Said chapter of Rodrigo’s life has seen the 19-year-old level up from Disney Channel star to Grammy-nominated household name; ‘Driving Home 2 U (A Sour Film)’ unpicks this swift rise to fame. The film follows Rodrigo on a road trip from Salt Lake City to Los Angeles, mirroring the way her debut album ‘Sour’ was written between the two cities. Along the way we’re taken behind the scenes on the making of ‘Sour’ with never-seen-before studio footage and brought further into Rodrigo’s musical world with revamped live performances.
Early on we’re introduced to ‘Sour’ producer Dan Nigro, who rides shotgun throughout, with much of the film showing the duo creating the album in the studio. It’s an intriguing insight into the process, as they work through new songs and wrangle the album into shape, giving further context to the songs that have soared up the charts around the world.
These moments are intercut with new interviews in which Rodrigo dissects what it was like navigating this chapter in her life. It’s at time earnest: “There’s nothing that connects people and there’s nothing that’s like a truer window into the human emotion than music,” she says of the songwriting process.
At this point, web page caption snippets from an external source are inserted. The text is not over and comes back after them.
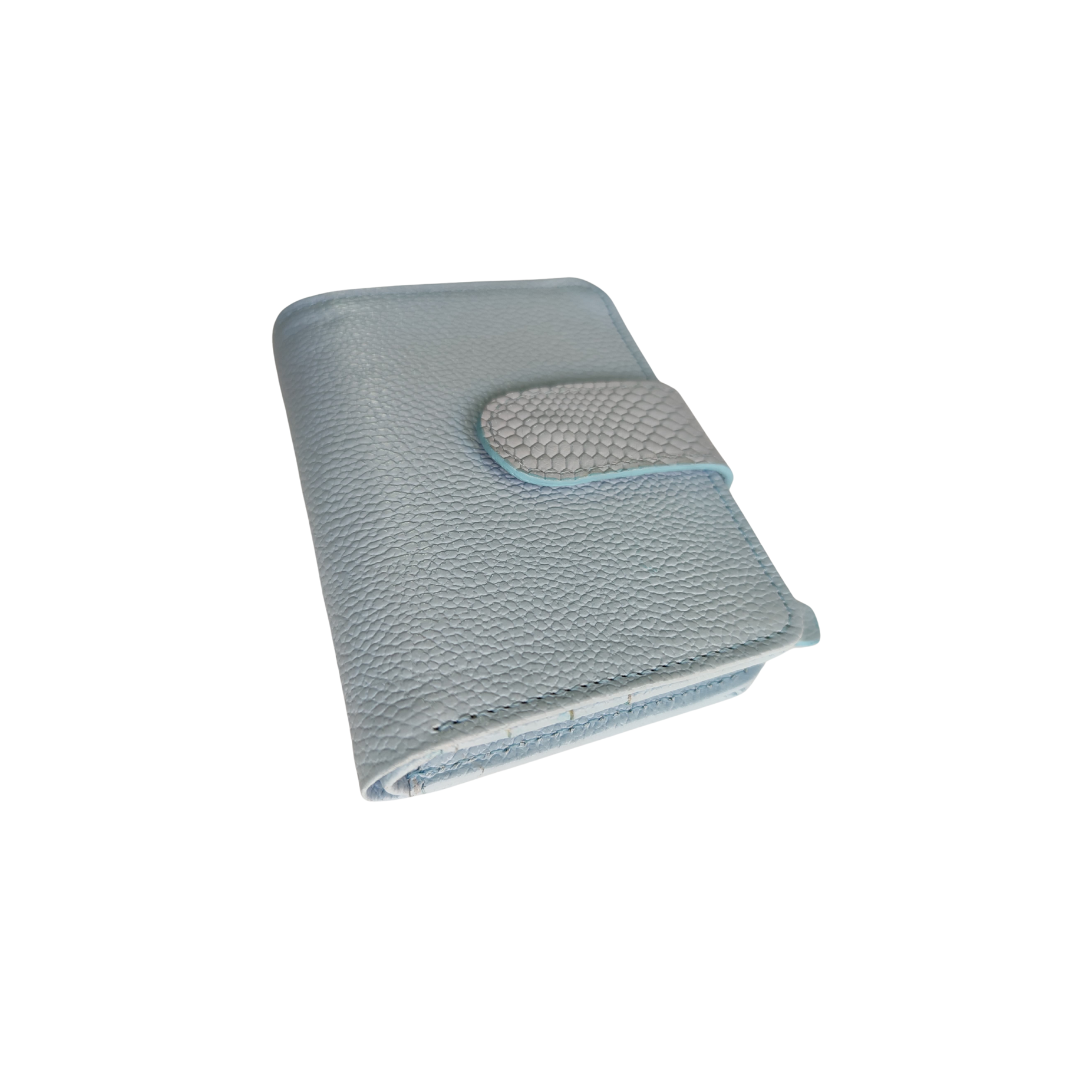 Billetera pequeña de cuero azul claro para mujer Diseño compacto, elegante y funcional con espacio para tarjetas, billetes y monedas. Ligera y hecha a mano en Colombia.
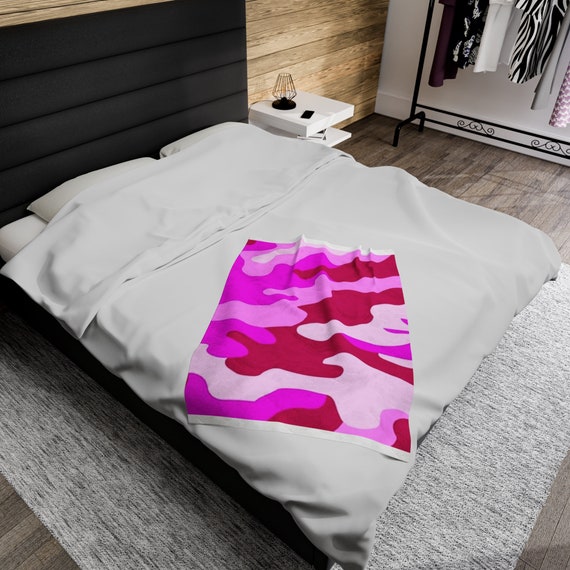 Pink Camouflage Velveteen Plush Blanket
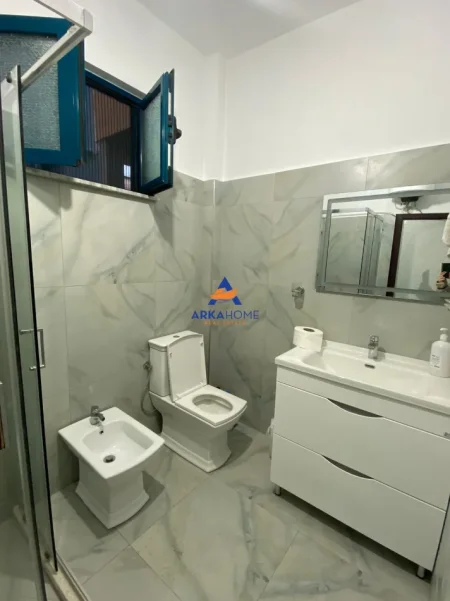 Tirane, jepet me qera apartament 1+1+Ballkon Kati 1, 65 m² 417 € 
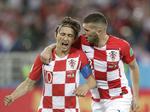 Med en sejr over Argentina kan Luka Modric (tv.) og resten af Kroatien spille sig videre ved VM. Petr David Josek/AP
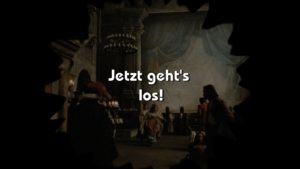 Abbildung 3: Ein fantasievoller Übergangseffekt zum Einstieg fesselt die Zuschauer; zu viele davon könnten deren Nerven strapazieren.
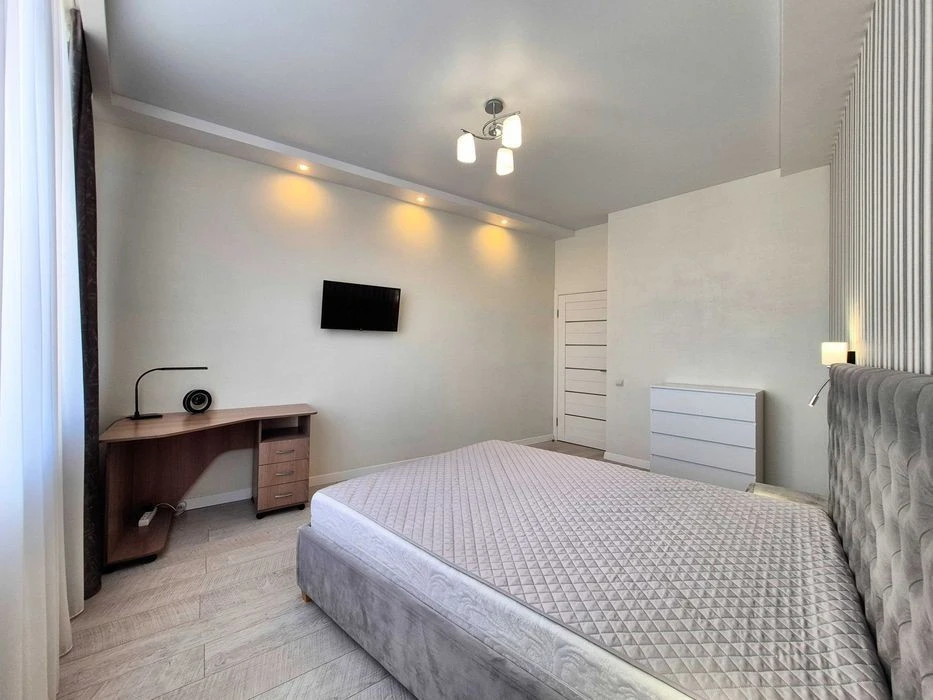 Selling 1 room + kitchen-living room with high-quality renovation in a popular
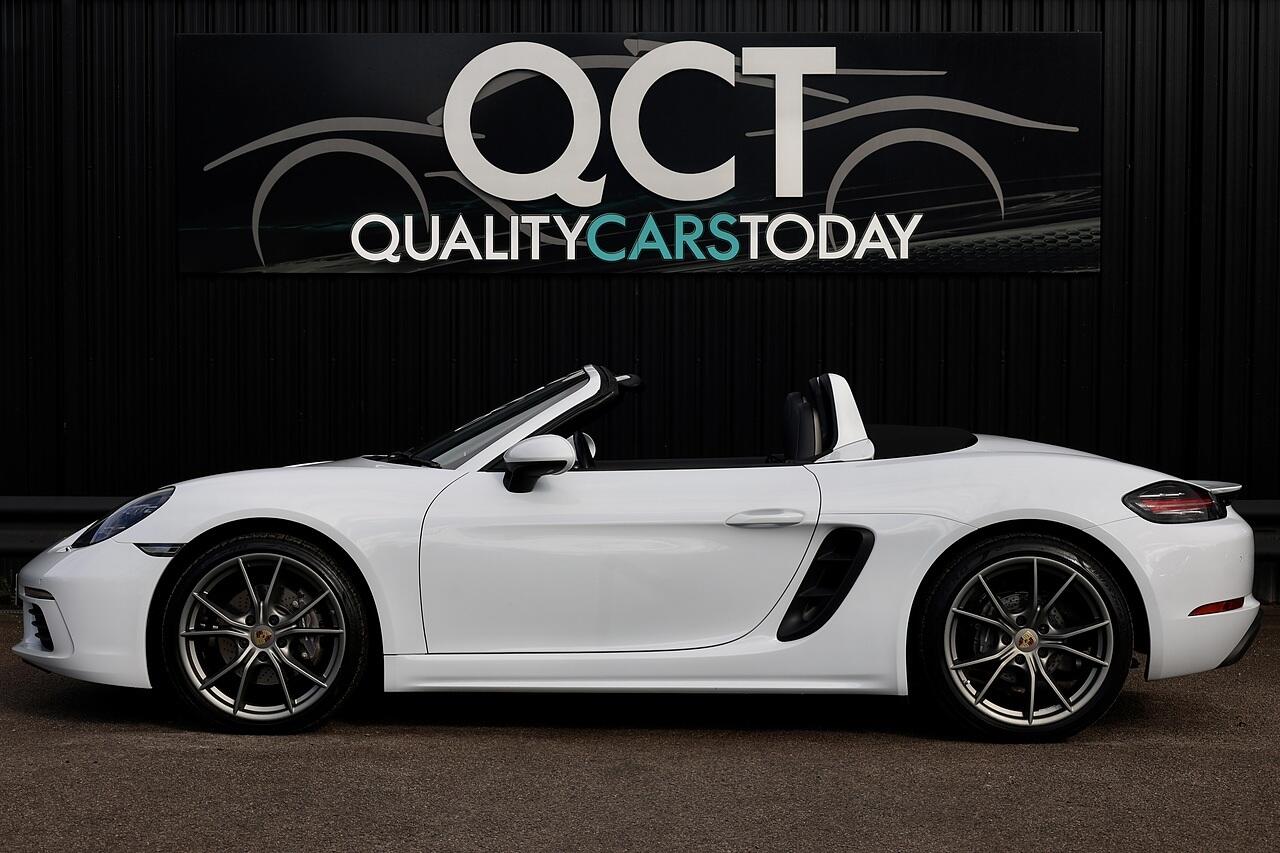 Porsche 718 Boxster view 2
And yet, this honesty is coupled with refreshing self-awareness, as Rodrigo reveals: “You want people to look at you for your talent and skill, and you’re also, you know, 18 and I want people to think I’m pretty and cool and funny or whatever.” Later she’s joined by English musician Jacob Collier; as they sit on the hood of a car in a desert, she confides: “I’m terrified that since I’m not going to be devastated for the rest of my life, I’m no longer going to be able to make a good album.”
The film is gorgeously shot, with stunning drone footage showing off the road trip scenery, and carefully curated locations for each of the performances. ‘Deja Vu’ is performed at a highway diner, ‘Happier’ in a half-empty house surrounded by boxes, and ‘Enough or You’ in a forest. The songs undergo musical makeovers, too: ‘Jealousy, Jealousy’, performed in an underpass, is transformed into a pit-opening pop-punk anthem, while ‘Good 4 U’ gets a cinematic string accompaniment that is a highlight of the film.
‘Driving Home 2 U (A Sour Film)’ is an honest look under the hood of ‘Sour’, as well as the past year of Rodrigo’s life. Peel away the astonishing cinematography and megawatt live performances, and it’s a frank account of the artist’s rapid ascension, as she navigates the scrutiny that comes with being a young woman in the public eye. If this is chapter one of Rodrigo’s story, it’ll be fascinating to see what comes next.